Beyond the Edge (За гранью реальности) is a 2018 Russian science fiction heist film directed by Aleksandr Boguslavskiy and Francesco Cinquemani. Michael, a talented gambler, gathers a team of people with supernatural powers to win big at a casino. But at the game he finds himself up against a much stronger mystical rival and ends up in a deadlock putting in danger himself and his team that he has grown to love. It stars Miloš Biković, Antonio Banderas and Lyubov Aksyonova.

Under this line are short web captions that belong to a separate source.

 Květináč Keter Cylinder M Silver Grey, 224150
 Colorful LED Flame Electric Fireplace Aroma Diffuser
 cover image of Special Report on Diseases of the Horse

The film was released in Russia on March 1, 2018.

==Plot==
Michael is a talented gambler who thinks through his every move and counts only on himself. He plans a heist at a luxury European casino. He implements his scheme brilliantly, until he runs up against a mysterious rival, Alex, at a poker table. During the game Michael's cards mysteriously change in his hands. He loses all his winnings, and his scheme is ruined. Victor— a cruel and dangerous casino owner — is sure that Michael and Alex work together. Victor says that Michael must repay a huge debt — everything that Alex won — and gives him a week to comply.

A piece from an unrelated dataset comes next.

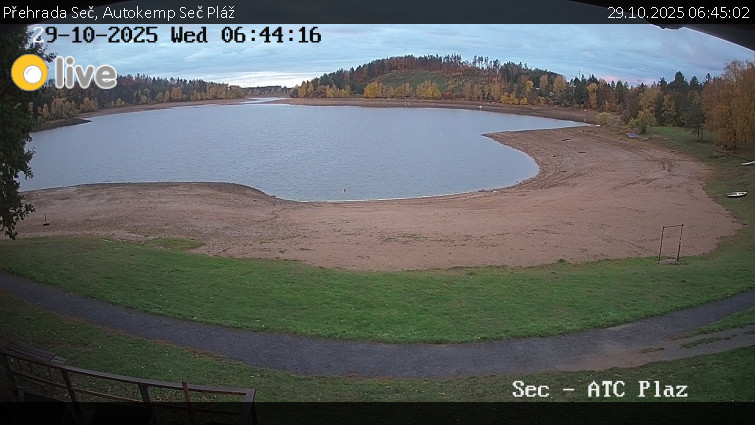 Přehrada Seč - Autokemp Seč Pláž - 29.10.2025 v 06:45 Přehrada Seč - Autokemp Seč Pláž - 29.10.2025 v 06:45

Michael seems to be facing a deadlock but gathers a team of experts with superpowers to quickly win at a casino and repay the debt. The superpowers of his team members help Michael skip a long preparation process. Eric is a rich kid, a party boy who has a slight power of telekinesis. He uses his power to move small objects (such as a roulette ball or dice). Tony is a taxi driver who controls electronics, devices and tools. For example, he can turn a camera away at the right time. Kevin is an autistic hypnotist who can implant any thought into anyone's mind for a short interval. Veronika is a telepath who can hear and transmit thoughts at a distance. Her power helps Michael communicate with his team so that no security service can overhear them.

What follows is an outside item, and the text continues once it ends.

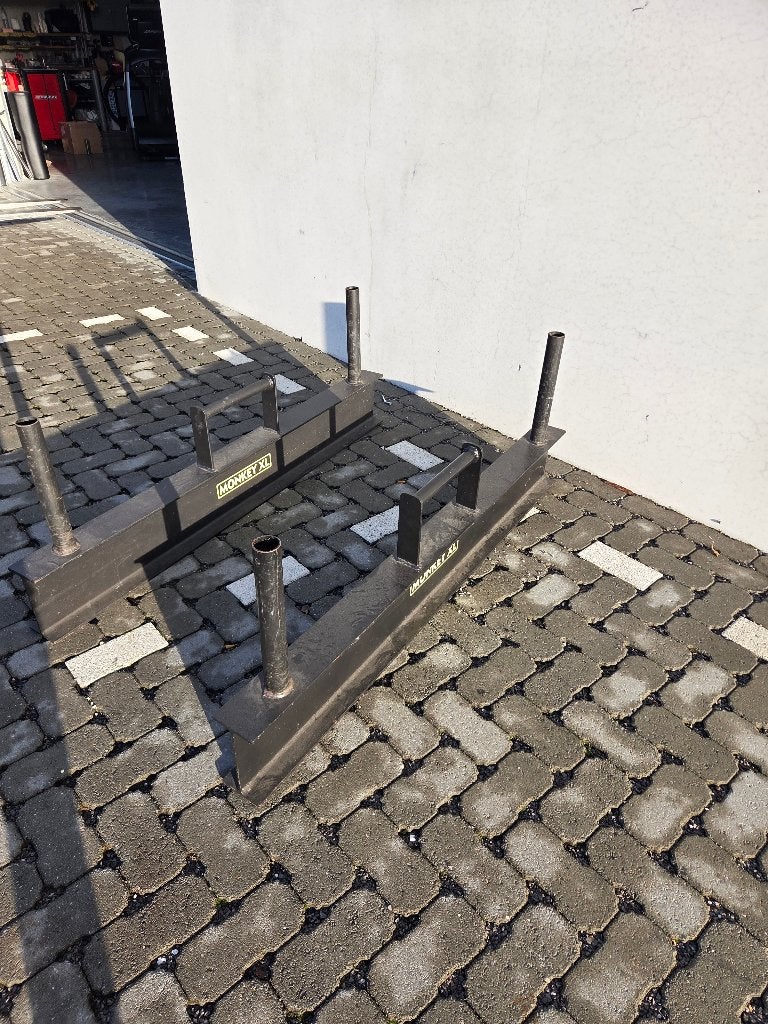 FARMERS WALK SET VOOR STRONGMAN EN GRIPTRAINING, Enlèvement, Comme neuf, Dos, Autres types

Michael and his 'supernatural' team go to a casino to win big. He finds himself up against his mysterious rival, and this places him and his team in danger.

==Cast==
- Miloš Biković as Michael
- Antonio Banderas as Gordon
- Lyubov Aksyonova as Veronika, telepath.
- Yevgeny Stychkin as Tony, controls electronics.
- Yuri Chursin as Kevin, hypnotist, member of the scam team Michael
- Aristarkh Venes as Eric, telekinesis.
- Petar Zekavica as Alex
- Sergey Astakhov as Victor
- Nikita Dyuvbanov as Leon
- Alessandra Starr Ward as female supervisor

==Production==
Director Aleksandr Boguslavskiy decided to play Biković in roulette. Bikovich won and his remark was added to the film.

Producers turned to the casino's security chief for advice on making the film realistic.

Scenes in an underground casino, in a plane and in a forest were shot in a real Ilyushin Il-76 airplane, inside of which a game room was built.

===Filming===
Filming lasted a month during March–February 2016.

Casino scenes were filmed in Oracul casino, located in Azov-City, the first federal gambling zone on the border of the Rostov Oblast and the Krasnodar Krai. They filmed in former gambling establishment Golden Palace Casino. A number of scenes were filmed in the hotel Kosmos (both buildings are located in Moscow).